Bu gibi durumlarda belki de bizim ülkemiz için en büyük trajik örnek Soma katliamıdır. Orada da denetimsizlikten kaynaklanan bir cinayet yaşanmıştı. Ardından da olay kadere tahvil edilmişti. Yani "Dış Güç"e! Son örneğimiz de Dicle Barajı olsun. Malumunuz Dicle Barajının su bırakma işlemi sırasında barajın bir kapağı kopmuştu. Hamdolsun. Can kaybı yaşanmamıştı. Burada elbette yetkililerin acil önlem alma çağrısının etkisi olmuştur. Valiliğin, DSİ'nin ve Belediyenin acil duyuruda bulunmaları takdiri hak etmektedir. Ama yetkililerden yapılan ilk açıklamada ise suçun yağmurun fazla yağması olarak gösterilmişti! Kapak kontrolleri en son ne zaman yapılmıştı? Hidrolik mekanizmaları tam randıman veriyor muydu? Görevliler işin ehli insanlar mıydı? Barajda ya da kapaklarında çatlak var mıydı? Diğer kapakların durumu nedir? Madem işin müsebbibi yağmur, neden o kapaklara bir şey olmadı? Hamdolsun tabi. İyi ki de olmadı. Olsaydı ne olurdu? Madem böyle hem niye barajlar var ki?! soruları es geçilmişti.

Bu coğrafyanın en büyük belalarından birisi Dış Güç/ler'dir. Amenna! Bundan kimsenin şüphesi yok. İşin rengi, bu coğrafyadaki insanlarının sıkıştıklarında kurtarıcı olarak yine "Dış Güç/ler"e sarıldığında değişmektedir!  Akleden insanların kafalarında soru işaretleri her seferinde durmaktadır.

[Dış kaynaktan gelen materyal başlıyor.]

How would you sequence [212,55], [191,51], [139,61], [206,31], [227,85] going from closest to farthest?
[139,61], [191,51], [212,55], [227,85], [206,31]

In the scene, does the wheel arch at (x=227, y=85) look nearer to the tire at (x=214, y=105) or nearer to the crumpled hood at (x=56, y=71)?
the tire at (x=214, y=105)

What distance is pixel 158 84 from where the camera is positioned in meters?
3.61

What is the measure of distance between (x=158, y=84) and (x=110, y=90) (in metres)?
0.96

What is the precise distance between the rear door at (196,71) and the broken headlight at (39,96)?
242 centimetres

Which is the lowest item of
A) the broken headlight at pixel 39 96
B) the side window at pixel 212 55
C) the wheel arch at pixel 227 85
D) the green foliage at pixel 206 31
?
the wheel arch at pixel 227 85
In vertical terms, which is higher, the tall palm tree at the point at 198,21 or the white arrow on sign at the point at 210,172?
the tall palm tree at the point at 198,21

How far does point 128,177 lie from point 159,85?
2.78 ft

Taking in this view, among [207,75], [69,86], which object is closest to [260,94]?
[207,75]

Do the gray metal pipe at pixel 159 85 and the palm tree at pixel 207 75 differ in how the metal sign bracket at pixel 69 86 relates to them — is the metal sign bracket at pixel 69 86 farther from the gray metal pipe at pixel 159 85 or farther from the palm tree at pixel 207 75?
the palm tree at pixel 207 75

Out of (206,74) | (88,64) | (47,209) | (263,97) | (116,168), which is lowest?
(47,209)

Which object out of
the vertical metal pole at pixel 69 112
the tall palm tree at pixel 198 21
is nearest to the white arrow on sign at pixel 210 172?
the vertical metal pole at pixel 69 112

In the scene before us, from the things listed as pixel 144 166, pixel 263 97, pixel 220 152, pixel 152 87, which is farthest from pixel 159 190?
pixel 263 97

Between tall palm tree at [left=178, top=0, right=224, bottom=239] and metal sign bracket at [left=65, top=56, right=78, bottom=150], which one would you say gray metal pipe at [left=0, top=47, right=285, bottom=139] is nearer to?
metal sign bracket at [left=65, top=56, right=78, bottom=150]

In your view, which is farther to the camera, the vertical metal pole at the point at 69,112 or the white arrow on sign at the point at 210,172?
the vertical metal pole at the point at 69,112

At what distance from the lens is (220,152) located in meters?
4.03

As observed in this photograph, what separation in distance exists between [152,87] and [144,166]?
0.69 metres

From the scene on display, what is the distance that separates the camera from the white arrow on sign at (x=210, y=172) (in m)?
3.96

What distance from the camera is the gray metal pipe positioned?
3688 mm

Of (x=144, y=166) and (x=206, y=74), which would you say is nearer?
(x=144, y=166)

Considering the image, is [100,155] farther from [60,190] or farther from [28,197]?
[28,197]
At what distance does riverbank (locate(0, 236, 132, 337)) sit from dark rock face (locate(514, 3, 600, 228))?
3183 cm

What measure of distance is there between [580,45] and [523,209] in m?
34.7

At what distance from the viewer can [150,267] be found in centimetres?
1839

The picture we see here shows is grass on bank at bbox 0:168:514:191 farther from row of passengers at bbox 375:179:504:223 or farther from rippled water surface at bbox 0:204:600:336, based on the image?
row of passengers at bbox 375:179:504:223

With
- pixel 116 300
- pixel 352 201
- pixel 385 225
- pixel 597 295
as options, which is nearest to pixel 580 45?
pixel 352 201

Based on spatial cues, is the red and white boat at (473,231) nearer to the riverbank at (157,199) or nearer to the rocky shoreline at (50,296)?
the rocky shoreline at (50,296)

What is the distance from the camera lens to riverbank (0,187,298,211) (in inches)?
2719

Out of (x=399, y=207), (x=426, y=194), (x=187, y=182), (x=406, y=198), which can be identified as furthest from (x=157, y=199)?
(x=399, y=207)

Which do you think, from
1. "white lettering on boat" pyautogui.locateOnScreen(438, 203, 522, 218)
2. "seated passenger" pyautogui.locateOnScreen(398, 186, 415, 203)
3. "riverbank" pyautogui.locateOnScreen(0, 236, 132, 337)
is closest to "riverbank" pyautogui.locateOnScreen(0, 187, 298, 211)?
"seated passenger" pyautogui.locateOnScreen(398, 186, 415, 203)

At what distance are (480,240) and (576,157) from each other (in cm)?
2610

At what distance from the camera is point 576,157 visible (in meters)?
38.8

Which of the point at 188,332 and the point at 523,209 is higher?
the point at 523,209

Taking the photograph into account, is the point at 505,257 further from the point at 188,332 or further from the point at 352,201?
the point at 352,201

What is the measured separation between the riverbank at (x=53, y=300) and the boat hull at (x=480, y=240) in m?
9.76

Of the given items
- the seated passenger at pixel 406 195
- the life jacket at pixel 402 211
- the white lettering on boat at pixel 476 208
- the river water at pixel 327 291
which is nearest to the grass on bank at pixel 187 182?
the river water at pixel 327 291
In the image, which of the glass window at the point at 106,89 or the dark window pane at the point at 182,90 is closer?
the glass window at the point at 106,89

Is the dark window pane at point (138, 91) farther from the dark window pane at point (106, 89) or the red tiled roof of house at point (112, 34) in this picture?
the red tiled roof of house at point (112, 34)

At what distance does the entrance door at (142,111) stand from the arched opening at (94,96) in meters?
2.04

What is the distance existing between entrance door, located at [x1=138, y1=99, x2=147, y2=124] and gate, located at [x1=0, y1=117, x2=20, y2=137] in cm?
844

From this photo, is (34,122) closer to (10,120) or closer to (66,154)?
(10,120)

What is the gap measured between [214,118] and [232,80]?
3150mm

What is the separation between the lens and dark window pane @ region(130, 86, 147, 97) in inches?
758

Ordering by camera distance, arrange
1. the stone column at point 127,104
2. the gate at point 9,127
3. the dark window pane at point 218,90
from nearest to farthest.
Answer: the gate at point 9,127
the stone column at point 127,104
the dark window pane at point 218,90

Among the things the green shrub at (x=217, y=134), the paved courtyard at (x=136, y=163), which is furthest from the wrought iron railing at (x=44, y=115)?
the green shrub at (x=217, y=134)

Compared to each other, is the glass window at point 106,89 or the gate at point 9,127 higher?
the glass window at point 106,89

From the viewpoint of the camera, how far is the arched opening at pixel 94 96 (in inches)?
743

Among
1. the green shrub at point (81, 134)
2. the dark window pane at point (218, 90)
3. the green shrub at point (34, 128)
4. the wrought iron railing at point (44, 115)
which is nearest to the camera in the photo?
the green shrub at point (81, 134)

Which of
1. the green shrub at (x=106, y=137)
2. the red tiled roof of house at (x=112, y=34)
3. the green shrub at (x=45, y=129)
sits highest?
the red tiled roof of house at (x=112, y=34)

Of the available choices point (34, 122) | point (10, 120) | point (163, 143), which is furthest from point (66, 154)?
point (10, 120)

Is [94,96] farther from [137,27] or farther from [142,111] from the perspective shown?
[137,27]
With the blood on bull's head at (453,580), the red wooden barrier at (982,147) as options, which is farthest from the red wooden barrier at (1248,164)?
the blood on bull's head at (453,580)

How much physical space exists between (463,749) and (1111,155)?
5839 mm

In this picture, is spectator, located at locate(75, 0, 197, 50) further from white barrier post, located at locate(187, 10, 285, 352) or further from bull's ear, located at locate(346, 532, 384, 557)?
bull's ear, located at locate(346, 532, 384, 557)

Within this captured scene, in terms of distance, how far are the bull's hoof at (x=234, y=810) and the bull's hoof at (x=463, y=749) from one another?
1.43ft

Bu ülkenin en büyük problemi nedir? diye sorarsanız. El-cevap; Denetimsizlik derim. Adalet, ekonomi, siyaset, sağlık ve hayatın içinde olan her ne varsa onlarla alakalı denetimi sağlamalıyız. Denetim olmadan bu tür olumsuz hadiseleri yaşamamız her an mümkündür. Denetimleri de maaş korkusu, amir korkusuna sahip olanlarla değil, Allah korkusunu yaşayan işinin ehli insanlarla yapmalıyız.  Denetimi yapılacak alanları da işinin ehli olan insanlara bırakmalıyız. Bütün bunları başardıktan sonra başımıza kaza-bela hiç gelmeyecek diye elbette bir garanti yok. Ama başımıza kaza-bela zaten gelecek diye denetimde bulunmamanın da akılla izah edilir bir tarafı yok!

Hem ne diyordu Efendimiz (sav); "Evvela deveni sağlam kazığa bağla, daha sonra Allahû Tealâ'ya emanet et."